Dans ces conditions, c'est par une exacte appréciation des circonstances de la cause que le premier juge a prononcé une sanction d' interdiction de gérer à l'encontre de M. J., l'inaction de celui-ci ayant permis la constitution d'un passif significatif sans qu'aucun actif n'ait pu être recouvré par le mandataire liquidateur.
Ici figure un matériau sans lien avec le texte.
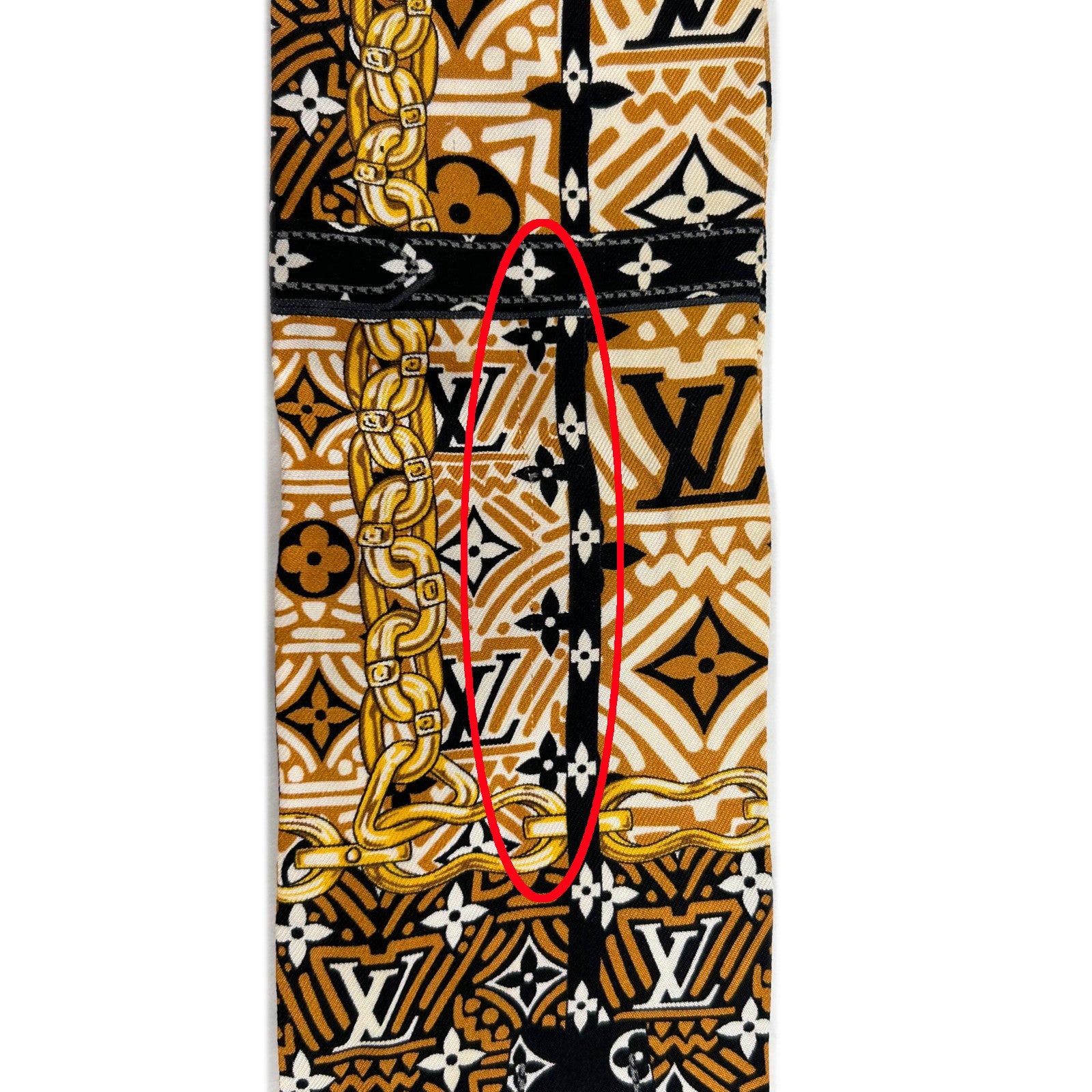 LOUIS VUITTON 絲質Crafty Confidential Bandeau絲巾啡色
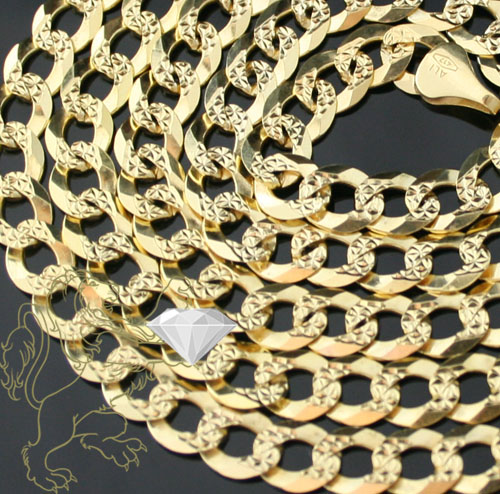 10k yellow gold cuban yellow pave chain 22 inch 7mm
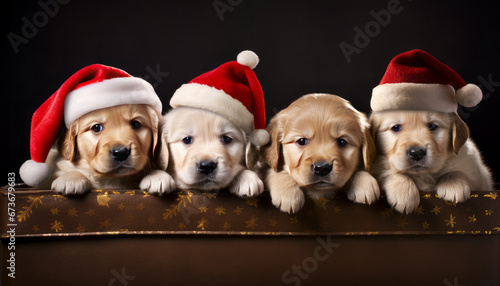 puppies wearing santa hat © JKLoma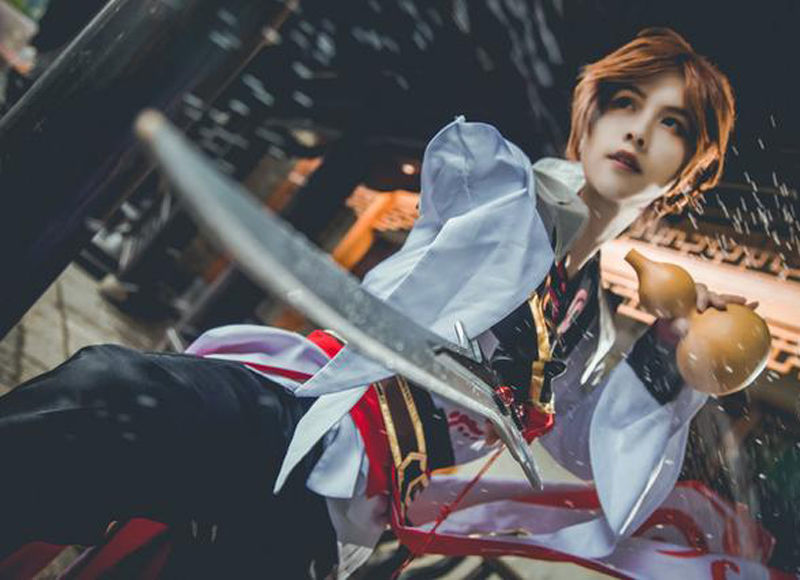 cosplay服裝王者農藥 李白 青蓮劍仙 遊戲古風cos服劍酒壺套裝 衣服加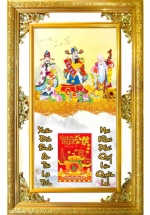 Lịch Gỗ Phù Điêu Treo Tường Cao Cấp Khung Đôi Vàng 2024 (56 x 86 cm) - Phúc Lộc Thọ (NS25)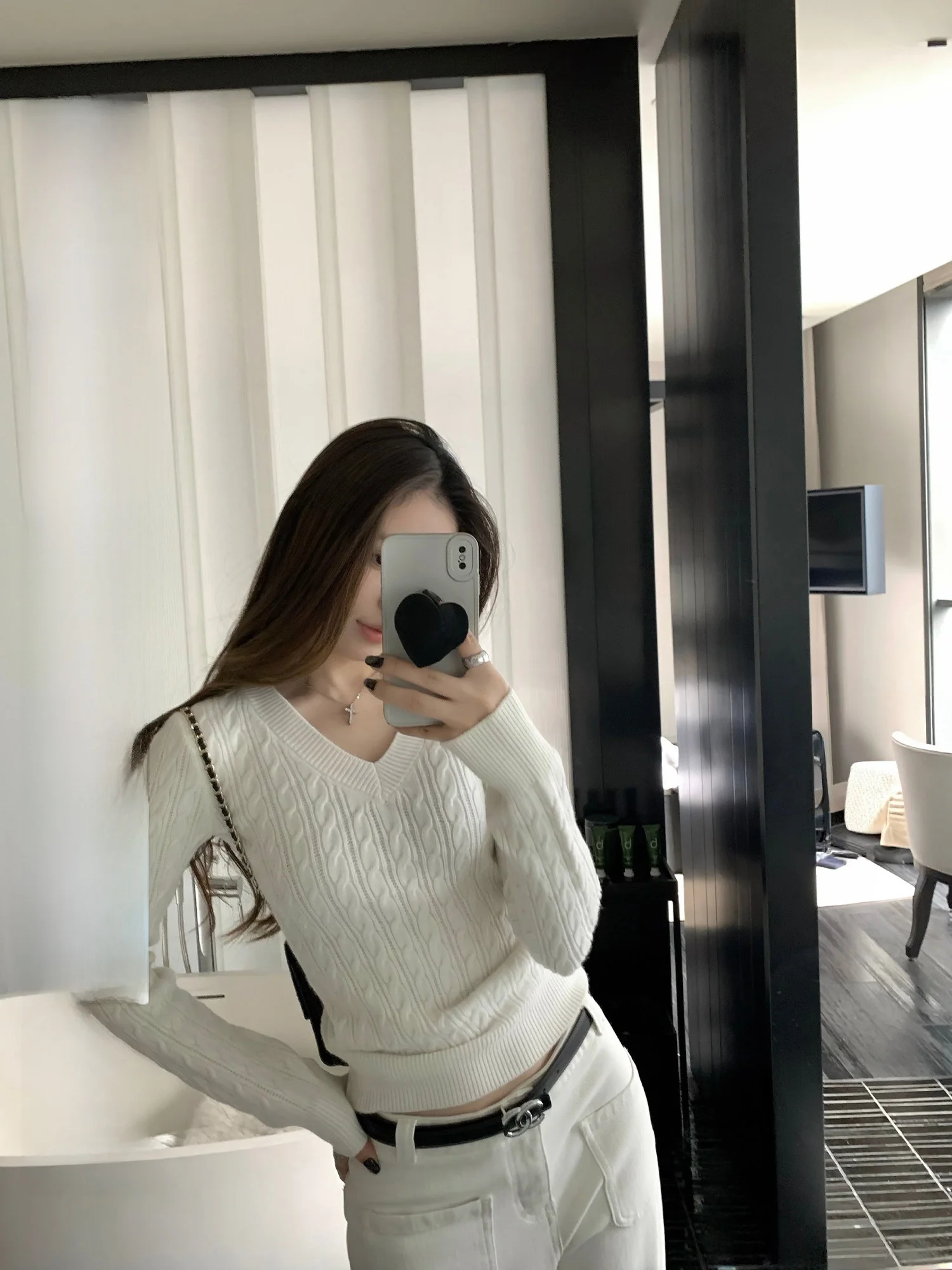 

Женский вязаный свитер Hhi с V-образным вырезом, базовый слой, внутренняя/наружная одежда, с узором «косы», премиум-класса, свободный крой, зимний топ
En revanche, compte tenu du fait que M. J., qui avait été salarié autrefois d'une société dirigée par M. T., n'a pas joué de rôle véritablement actif dans la constitution du passif, qu'il avait donné procuration à M. T., lui faisant confiance, et en raison de sa situation personnelle difficile, la sanction qui sera prononcée sera modérée, et ramenée à une durée d'une année.

PAR CES MOTIFS,

La Cour, statuant publiquement et contradictoirement,

CONFIRME le jugement déféré en ce qu'il a prononcé à l'encontre de M. J. une sanction d' interdiction de gérer ,

L'INFIRME quant à la durée de la sanction prononcée,

STATUANT A NOUVEAU et y ajoutant,

PRONONCE à l'encontre de M. J., en sa qualité de dirigeant de droit de la société KMN, l' interdiction de diriger, gérer , administrer, ou contrôler, directement ou indirectement, toute entreprise commerciale ou artisanale, toute exploitation agricole et toute personne moral, pour la durée d'une année,

DIT que les dépens seront employés en frais privilégiés de liquidation judiciaire.